Saturday, November 15, 2008
Ducked a bullet today
Whew. I haven't got a soft jug after all.
No, that's not what you think. To be precise, the No. 4 cylinder in my Cessna's aero engine isn't suffering from low compression.
Aircraft engine health is measured by many things, but the most important is the compression in the cylinders. To test the compressions, a mechanic removes one of the two spark plugs from each cylinder and pumps the cylinder full of compressed air at a pressure of 80 pounds per square inch, then turns the propeller so that the piston is driving against the pressure. Ideally -- but rarely, and usually with a brand new engine -- there is no leakage of air past the piston, resulting in a differential reading of 80/80 psi.
Usually, however, there is a teensy, tiny bit of leakage of air past the piston rings, so that the reading is, say, 78/80 psi. Anything in the 70s is considered fine, but if the reading drops into the 60s, then it's likely that you've got a problem that over time will only get worse. Below 60 means that your engine is losing too much power and it's time to break the piggy bank.
Maybe the piston rings are wearing out slowly and you're facing perhaps the installation of a whole new "jug," or matched cylinder and piston (about $2,500 for each of four jugs in the 100-horsepower engine of a Cessna 150, at right). If the readings are low in two or more cylinders, you might have to replace them all (a "top overhaul" in aviation parlance) -- or, at worst, have a complete major overhaul done on the engine, in which the whole thing is taken apart and anything that's worn beyond limits (almost everything) is replaced. That can cost $12,000 and usually does.
At my airplane's annual inspection in the beginning of September, my No. 4 cylinder compression read 62/80. Gulp. The engine had been run 971 hours since it last had undergone a major overhaul in 1994, or just past half the usual time before overhaul of 1,800 hours. Quite often one or more cylinders on a Continental O-200A engine gets unacceptably soft at the halfway point, and this is when aircraft ownership gets painful.

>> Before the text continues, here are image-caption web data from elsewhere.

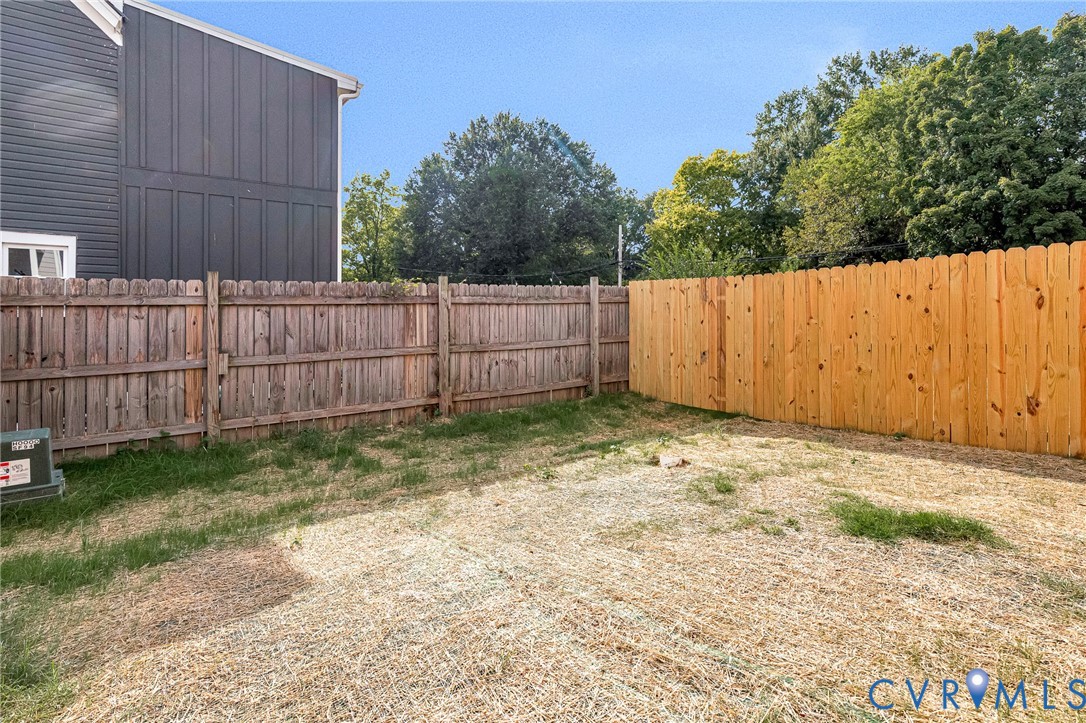 Fenced backyard with a blend of weathered and new wood fencing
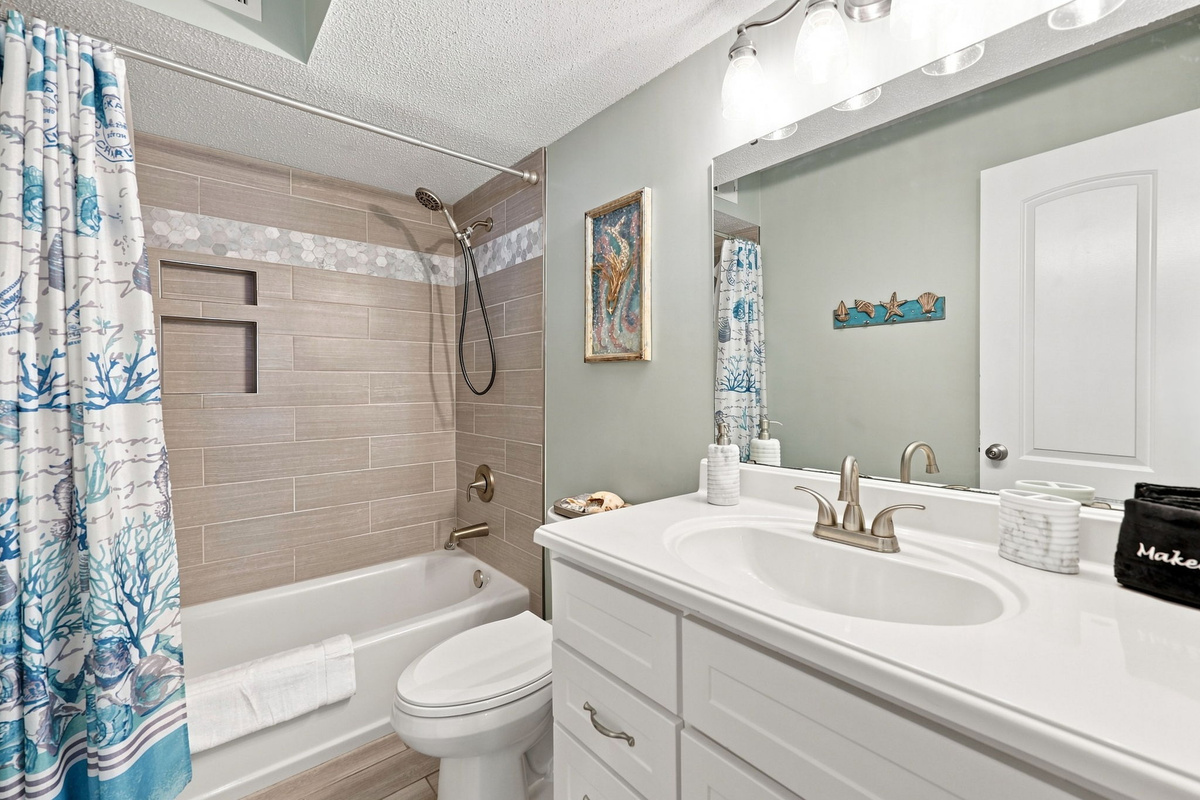 Clean and updated bathroom featuring a full bathtub with a decorative shower curtain, tile walls, and a large vanity mirror.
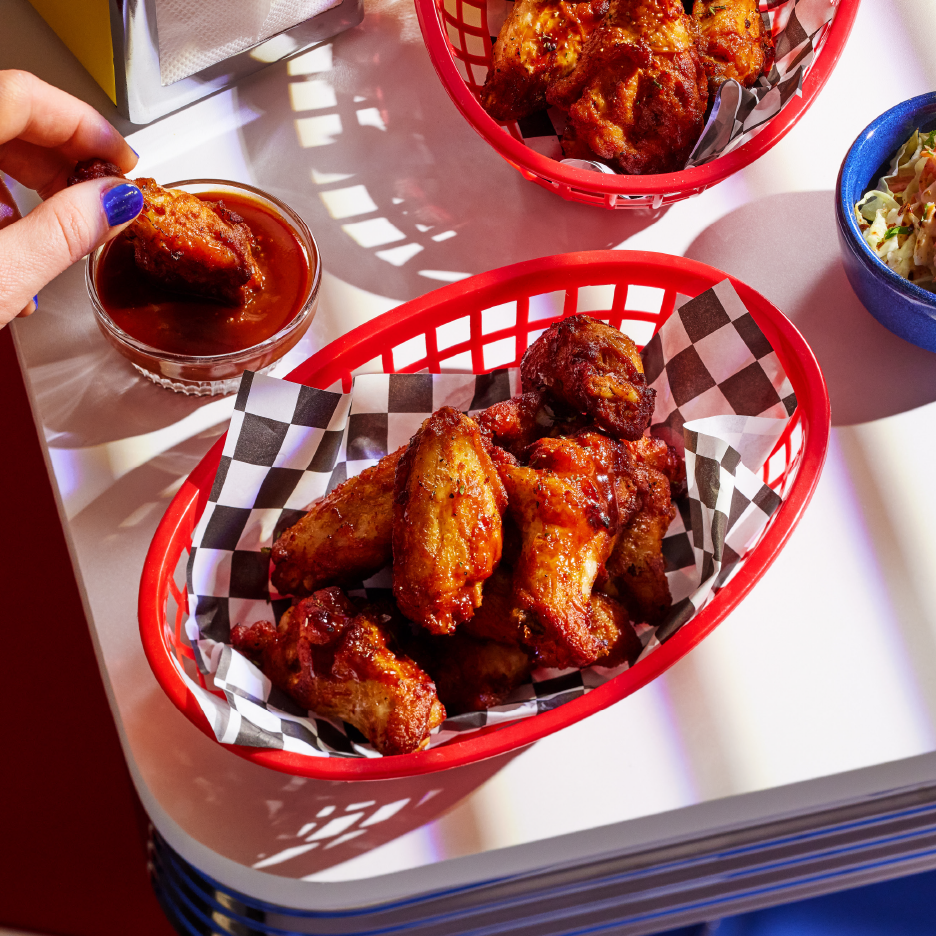 Φτερούγες κοτόπουλου σε κόκκινα καλάθια με καρό χαρτί, σάλτσα και λάχανο σαλάτα.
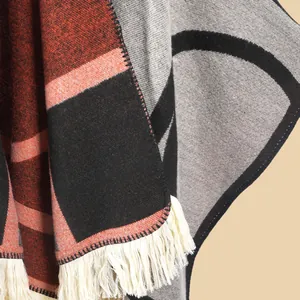 Détail d'un poncho géométrique avec texture en laine épaisse, bords finis et franges blanches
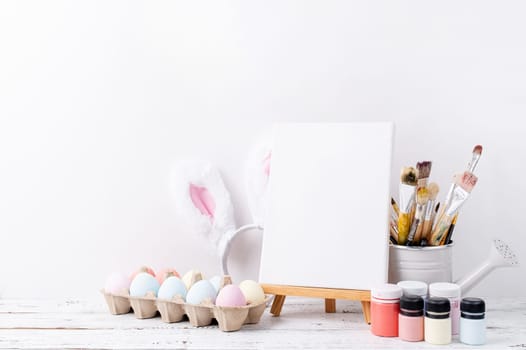 Spring holidays, Happpy Easter. Pastel colored Easter eggs and mimosa flowers with blank white frame for mockup design, front view on white brick wall background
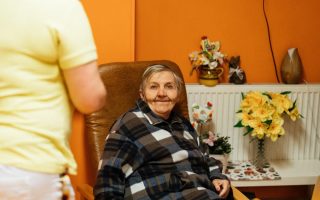 A warm scene of a senior woman sitting in an armchair at a retirement home with a caretaker nearby.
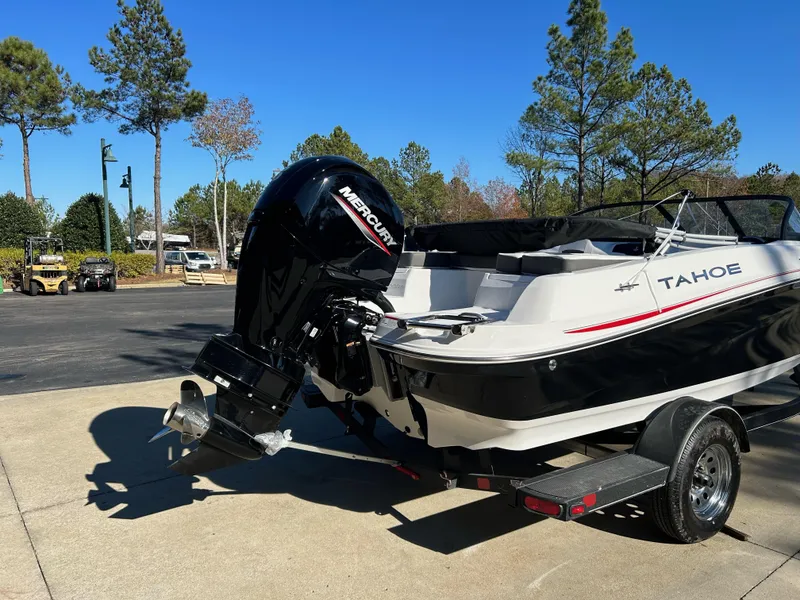 Slide: The Image of 2024 Tahoe 200 S boat with Mercury outboard motor on trailer. - 9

Fly the plane five or six more hours, Gordon, my mechanic, told me. Then we'll do another differential pressure test and see which way the problem is trending. If the pressure is still "soft," he said, we'll pull the jug and send the cylinder out for honing, or interior polishing, to get rid of any scoring that might be causing loss of pressure. Then we'll put new rings on the piston and reassemble the jug, then reattach it to the engine block. That'll be about $800 or $900, he said with an airy wave.
It might just be that the two piston rings have vibrated their way around the piston so that the gap in each ring lines up perfectly with the other one, yielding a tiny opening for air to leak through. If this is so, running the engine a few hours may cause the rings to rotate some more, closing the opening and returning pressure to where it should be.
I met Gordon at the airport today to run that pressure test.
First, Cylinder No. 1. Pressure: 78/80. Then Cylinder No. 2: 73/80. No. 3: 76/80. And, with a deep breath, Cylinder No. 4. "Look here," Gordon said. I let out my breath and peered at the gauges. 76/80! Yay!
The gaps in the rings had simply lined up at the time of the annual, then returned to their usual staggered positions.
The test cost $25 for Gordon's time. Not $800. Not $2,500. Not $12,000.
And so I shall keep Old N5859E a few more months at least, until the looming depression has either steamrollered my net worth or it hasn't.